I had the opportunity to work at California Academy of Sciences as an Interaction Designer for several years. During that time I was the lead designer on their website redesign project where I also worked with Hot Studio and collaborated with department heads, senior leadership and web steering teams. The Explore Science section was a piece of this larger website project that showcased all our science content. It's responsive, integrated with Drupal CMS templating system.
The science sections of the California Academy of Sciences website were outdated, disorganized, and difficult to use and was preventing the Academy from reaching their targeted audience. These sections were also not integrated with a content management system so updating pages was inefficient and limiting to an organization that was constantly growing and changing.
We did some lo fidelity wireframes. We needed the science sections to be flexible for both evergreen and ever changing content. The pages also had to have categories as gateways for users who are seeking specific topics and we also wanted to continue our Science Today brand that users were familiar with where we group types of news and categories.
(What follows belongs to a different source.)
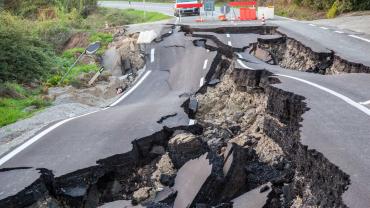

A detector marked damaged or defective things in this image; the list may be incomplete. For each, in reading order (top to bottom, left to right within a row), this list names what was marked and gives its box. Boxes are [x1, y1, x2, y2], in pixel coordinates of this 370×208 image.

broken pavement chunk [173, 153, 211, 208]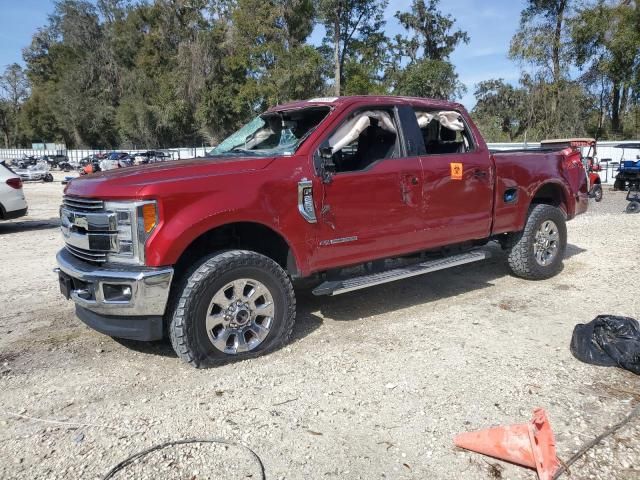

We looked at existing news sites The Daily Beast, Wired, CNN to understand the visual patterns and cues of how they grouped like information and told an editorial story. We used guiding design and psychology principles: white space, scrolling not paging, Hick's Law to minimize choices and provided headlines and images as visual cues for users. We wanted to surface articles that would have otherwise been buried. And grouped articles into topics. We did many versions of how best to illustrate these relationships.
We performed Qualitative User Testing on a small group from our primary audience. We learned our users don't read they scan descriptions looking for tone, authority and scientific keywords that will make them click. This takes less time. Reiterating what our personas were interested in. The thematic curated content was working for them cause they could self select. They also wanted the themed content to be balanced with whimsical and serious.
Science News and Explore Science section. The work earned a Webby Honoree award.